_ACTION ITEM_. In the records that follow, find the line with "BOY STANDING ON BEACH AGAINST SKY"; from there, retype every line exactly through the line with "Children’s Pride T-Shirt.", which also belongs to the answer.

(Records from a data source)
○ ○ ○
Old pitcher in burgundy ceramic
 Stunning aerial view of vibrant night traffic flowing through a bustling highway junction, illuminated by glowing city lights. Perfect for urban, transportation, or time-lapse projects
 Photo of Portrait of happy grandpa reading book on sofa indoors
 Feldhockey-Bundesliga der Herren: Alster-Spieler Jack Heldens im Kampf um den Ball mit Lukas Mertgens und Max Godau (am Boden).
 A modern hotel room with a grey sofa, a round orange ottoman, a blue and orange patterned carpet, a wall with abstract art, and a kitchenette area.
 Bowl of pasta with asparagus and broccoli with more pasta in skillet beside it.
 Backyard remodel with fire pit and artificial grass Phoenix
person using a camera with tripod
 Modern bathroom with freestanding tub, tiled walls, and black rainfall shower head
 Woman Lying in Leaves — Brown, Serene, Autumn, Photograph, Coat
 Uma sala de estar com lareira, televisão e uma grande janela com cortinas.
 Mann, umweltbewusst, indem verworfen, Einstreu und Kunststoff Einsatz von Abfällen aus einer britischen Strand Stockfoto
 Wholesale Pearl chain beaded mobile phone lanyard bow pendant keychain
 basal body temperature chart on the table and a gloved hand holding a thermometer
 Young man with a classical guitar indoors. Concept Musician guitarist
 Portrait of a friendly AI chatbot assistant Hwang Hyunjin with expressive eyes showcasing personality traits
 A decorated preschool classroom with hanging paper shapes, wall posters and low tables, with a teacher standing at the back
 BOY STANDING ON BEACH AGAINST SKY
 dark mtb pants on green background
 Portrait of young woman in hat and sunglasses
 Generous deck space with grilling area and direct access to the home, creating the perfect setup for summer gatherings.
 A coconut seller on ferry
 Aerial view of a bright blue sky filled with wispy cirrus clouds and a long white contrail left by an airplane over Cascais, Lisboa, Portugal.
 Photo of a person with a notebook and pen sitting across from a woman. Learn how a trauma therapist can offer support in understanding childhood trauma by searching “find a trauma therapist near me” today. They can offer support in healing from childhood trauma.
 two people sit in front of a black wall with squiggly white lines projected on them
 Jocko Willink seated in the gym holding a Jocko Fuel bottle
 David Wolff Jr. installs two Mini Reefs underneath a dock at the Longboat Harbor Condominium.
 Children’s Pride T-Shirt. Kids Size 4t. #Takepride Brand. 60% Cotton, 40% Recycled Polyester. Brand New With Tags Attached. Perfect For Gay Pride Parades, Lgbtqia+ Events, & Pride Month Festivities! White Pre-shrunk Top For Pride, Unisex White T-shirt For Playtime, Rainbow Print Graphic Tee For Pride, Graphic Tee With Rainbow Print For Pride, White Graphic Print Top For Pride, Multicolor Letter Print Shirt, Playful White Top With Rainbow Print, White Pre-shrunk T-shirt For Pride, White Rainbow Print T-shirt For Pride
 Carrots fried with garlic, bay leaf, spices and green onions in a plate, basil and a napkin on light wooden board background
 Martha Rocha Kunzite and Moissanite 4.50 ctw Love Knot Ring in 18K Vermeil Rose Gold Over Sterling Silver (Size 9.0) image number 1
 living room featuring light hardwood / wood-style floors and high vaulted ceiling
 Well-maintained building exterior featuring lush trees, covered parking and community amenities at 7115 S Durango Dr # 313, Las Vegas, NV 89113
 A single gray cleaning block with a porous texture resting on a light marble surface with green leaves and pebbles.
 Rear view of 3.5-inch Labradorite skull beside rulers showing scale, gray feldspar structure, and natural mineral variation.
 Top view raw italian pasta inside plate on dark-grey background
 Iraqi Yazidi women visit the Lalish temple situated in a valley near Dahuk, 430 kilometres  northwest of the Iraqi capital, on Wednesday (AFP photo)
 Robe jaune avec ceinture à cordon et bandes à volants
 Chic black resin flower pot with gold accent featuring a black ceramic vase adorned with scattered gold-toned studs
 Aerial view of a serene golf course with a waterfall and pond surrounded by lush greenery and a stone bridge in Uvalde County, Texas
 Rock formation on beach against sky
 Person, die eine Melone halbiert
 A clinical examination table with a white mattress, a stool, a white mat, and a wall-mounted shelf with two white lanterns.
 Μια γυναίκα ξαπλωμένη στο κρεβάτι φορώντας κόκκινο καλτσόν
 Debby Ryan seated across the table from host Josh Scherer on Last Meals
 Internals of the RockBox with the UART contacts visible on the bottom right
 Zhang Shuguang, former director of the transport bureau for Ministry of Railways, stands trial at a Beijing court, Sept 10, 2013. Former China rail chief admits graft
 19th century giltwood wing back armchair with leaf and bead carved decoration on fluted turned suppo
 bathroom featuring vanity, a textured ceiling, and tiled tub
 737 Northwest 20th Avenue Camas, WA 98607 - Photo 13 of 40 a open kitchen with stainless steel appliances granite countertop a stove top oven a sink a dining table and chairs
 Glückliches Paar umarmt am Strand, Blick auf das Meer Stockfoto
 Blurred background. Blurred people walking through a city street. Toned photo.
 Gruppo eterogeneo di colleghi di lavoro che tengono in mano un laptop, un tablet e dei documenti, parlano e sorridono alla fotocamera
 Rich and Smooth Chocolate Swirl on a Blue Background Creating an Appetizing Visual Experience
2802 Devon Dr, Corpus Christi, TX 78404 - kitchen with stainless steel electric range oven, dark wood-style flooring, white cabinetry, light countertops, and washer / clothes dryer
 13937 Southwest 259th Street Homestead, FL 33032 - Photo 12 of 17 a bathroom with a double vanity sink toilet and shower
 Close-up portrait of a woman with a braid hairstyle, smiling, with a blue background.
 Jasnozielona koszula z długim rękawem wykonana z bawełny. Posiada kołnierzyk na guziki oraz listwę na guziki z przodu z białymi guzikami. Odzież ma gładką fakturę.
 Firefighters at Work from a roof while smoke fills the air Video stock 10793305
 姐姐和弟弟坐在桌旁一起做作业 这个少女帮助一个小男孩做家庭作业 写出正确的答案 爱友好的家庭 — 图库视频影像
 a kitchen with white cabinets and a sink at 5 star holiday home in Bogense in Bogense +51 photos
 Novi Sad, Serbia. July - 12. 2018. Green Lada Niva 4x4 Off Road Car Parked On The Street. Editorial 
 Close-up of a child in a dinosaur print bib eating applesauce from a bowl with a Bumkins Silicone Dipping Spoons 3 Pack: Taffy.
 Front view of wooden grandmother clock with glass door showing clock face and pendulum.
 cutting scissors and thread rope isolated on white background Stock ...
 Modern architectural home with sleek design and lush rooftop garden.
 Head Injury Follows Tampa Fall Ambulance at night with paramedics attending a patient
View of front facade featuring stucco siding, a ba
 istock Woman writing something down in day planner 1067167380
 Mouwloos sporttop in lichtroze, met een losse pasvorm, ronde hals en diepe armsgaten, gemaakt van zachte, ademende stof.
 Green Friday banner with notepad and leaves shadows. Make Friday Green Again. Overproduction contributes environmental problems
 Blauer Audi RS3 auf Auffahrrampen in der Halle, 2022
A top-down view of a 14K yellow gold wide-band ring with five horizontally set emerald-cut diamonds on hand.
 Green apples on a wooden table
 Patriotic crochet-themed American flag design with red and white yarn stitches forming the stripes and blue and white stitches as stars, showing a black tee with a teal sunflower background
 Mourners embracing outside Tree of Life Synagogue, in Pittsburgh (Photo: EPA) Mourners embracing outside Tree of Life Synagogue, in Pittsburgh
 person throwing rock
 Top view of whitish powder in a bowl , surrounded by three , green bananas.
○ ○ ○
_OUTPUT BELOW_.
 BOY STANDING ON BEACH AGAINST SKY
 dark mtb pants on green background
 Portrait of young woman in hat and sunglasses
 Generous deck space with grilling area and direct access to the home, creating the perfect setup for summer gatherings.
 A coconut seller on ferry
 Aerial view of a bright blue sky filled with wispy cirrus clouds and a long white contrail left by an airplane over Cascais, Lisboa, Portugal.
 Photo of a person with a notebook and pen sitting across from a woman. Learn how a trauma therapist can offer support in understanding childhood trauma by searching “find a trauma therapist near me” today. They can offer support in healing from childhood trauma.
 two people sit in front of a black wall with squiggly white lines projected on them
 Jocko Willink seated in the gym holding a Jocko Fuel bottle
 David Wolff Jr. installs two Mini Reefs underneath a dock at the Longboat Harbor Condominium.
 Children’s Pride T-Shirt. Kids Size 4t. #Takepride Brand. 60% Cotton, 40% Recycled Polyester. Brand New With Tags Attached. Perfect For Gay Pride Parades, Lgbtqia+ Events, & Pride Month Festivities! White Pre-shrunk Top For Pride, Unisex White T-shirt For Playtime, Rainbow Print Graphic Tee For Pride, Graphic Tee With Rainbow Print For Pride, White Graphic Print Top For Pride, Multicolor Letter Print Shirt, Playful White Top With Rainbow Print, White Pre-shrunk T-shirt For Pride, White Rainbow Print T-shirt For Pride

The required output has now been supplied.